Work item: All lines from the one bearing "Knaus Sun Ti 700 MEG motorhome beds" through the end of the data below must be printed exactly as they stand, with pictures removed.

Extracted data entries:
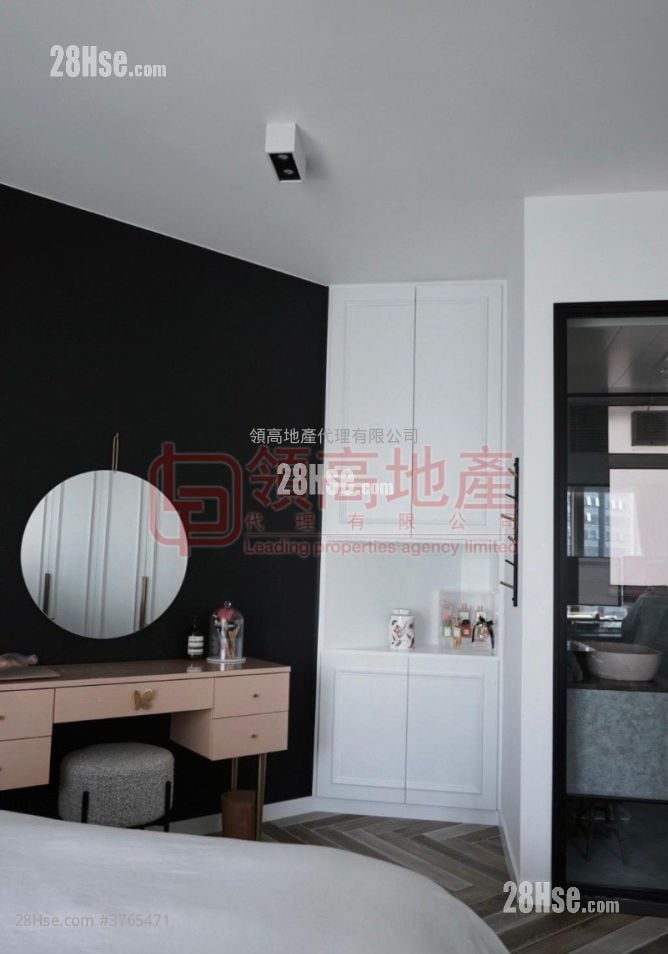 Sorrento Sell 3 Bedrooms , 2 Bathrooms 808 ft²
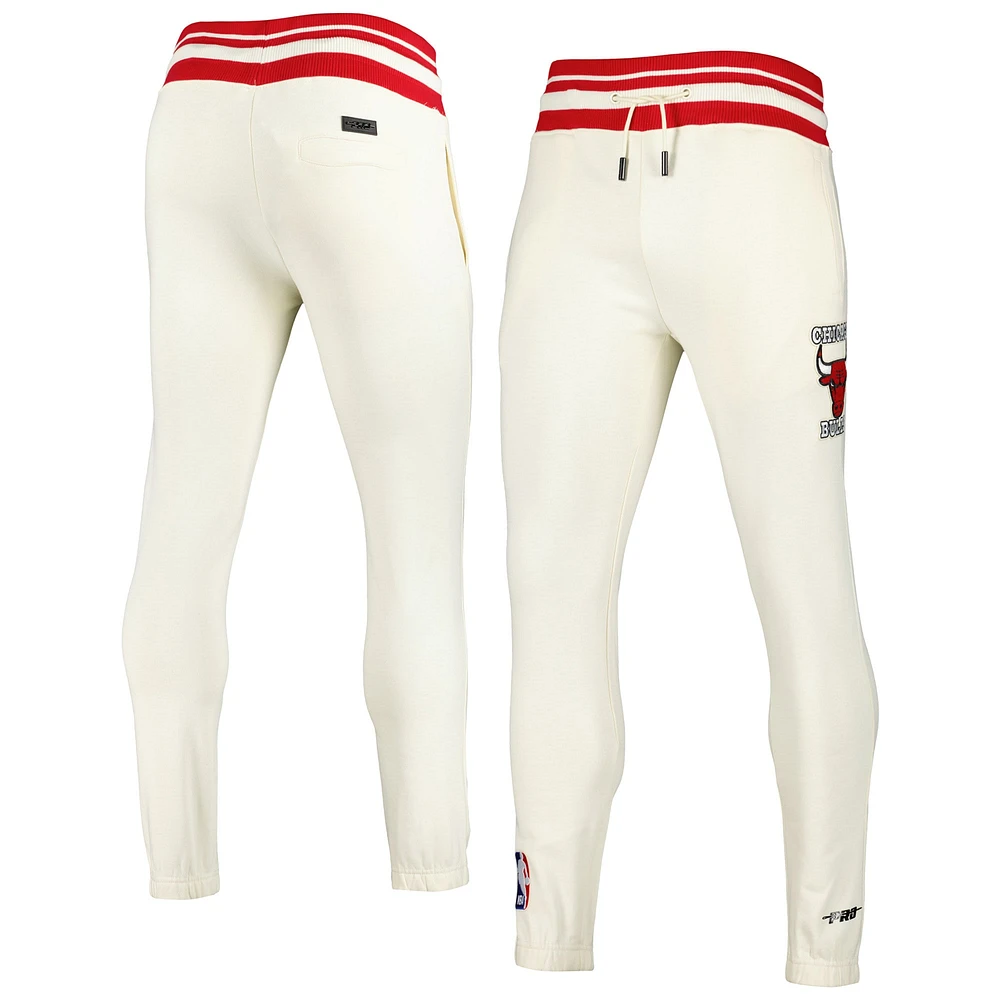 Pantalon de survêtement en molleton rétro classique Chicago Bulls Pro Standard crème pour homme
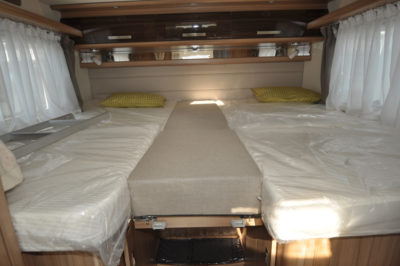 Knaus Sun Ti 700 MEG motorhome beds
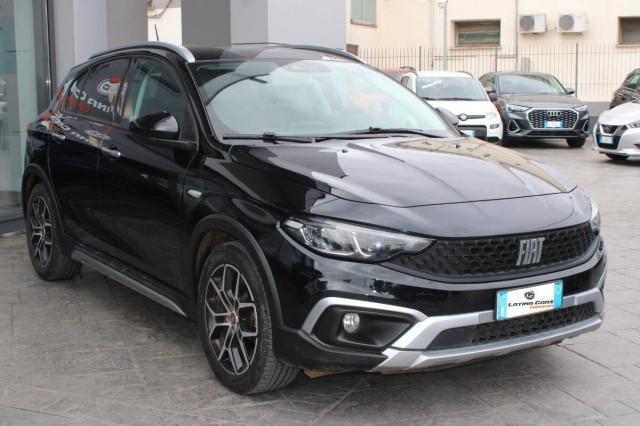 Fiat Tipo 1.0 Cross 100cv con Navigatore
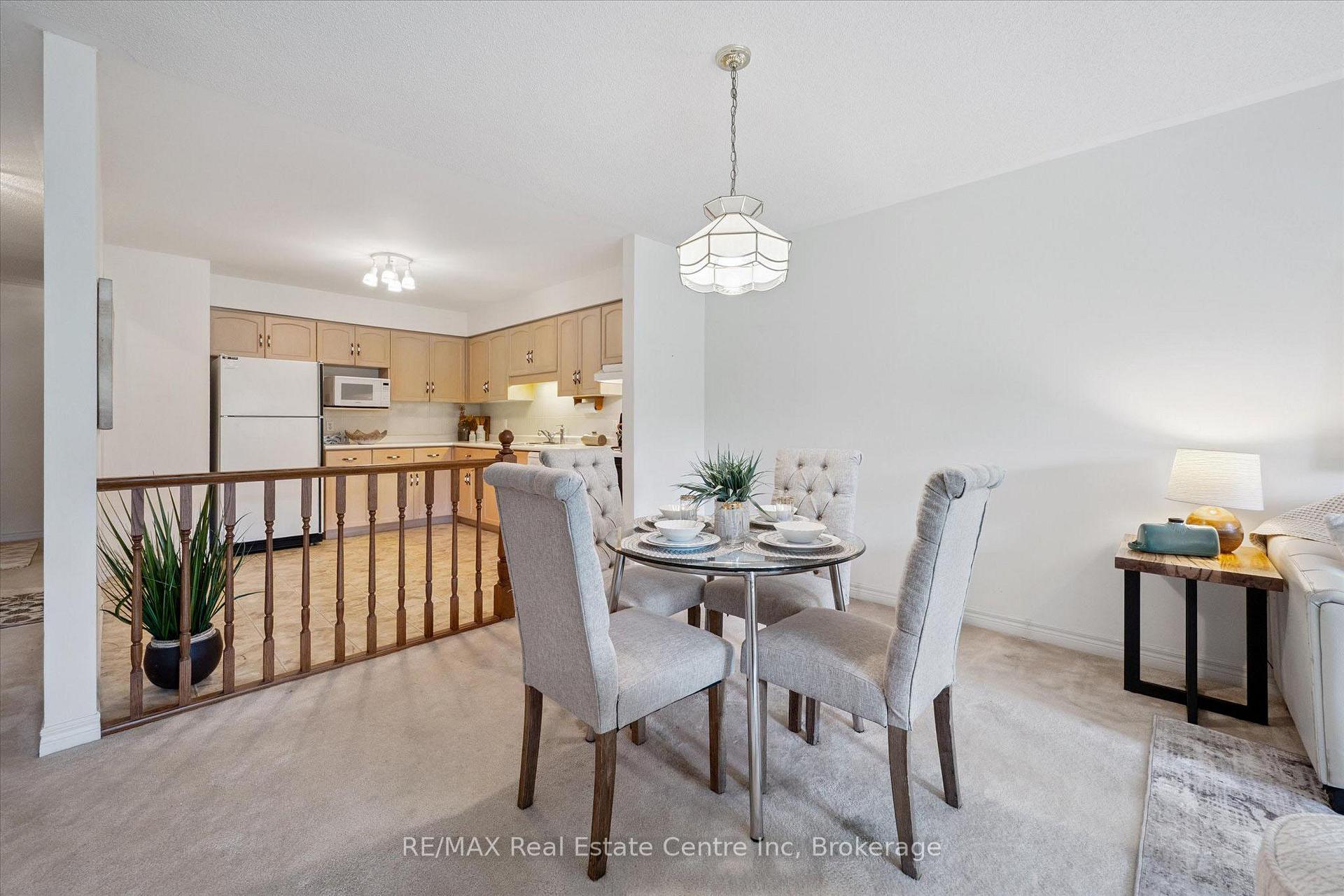 Photo 8 of 3 Gardenview Court, Guelph, Village By The Arboretum — HOMEH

Response:
 Knaus Sun Ti 700 MEG motorhome beds
 Fiat Tipo 1.0 Cross 100cv con Navigatore
 Photo 8 of 3 Gardenview Court, Guelph, Village By The Arboretum — HOMEH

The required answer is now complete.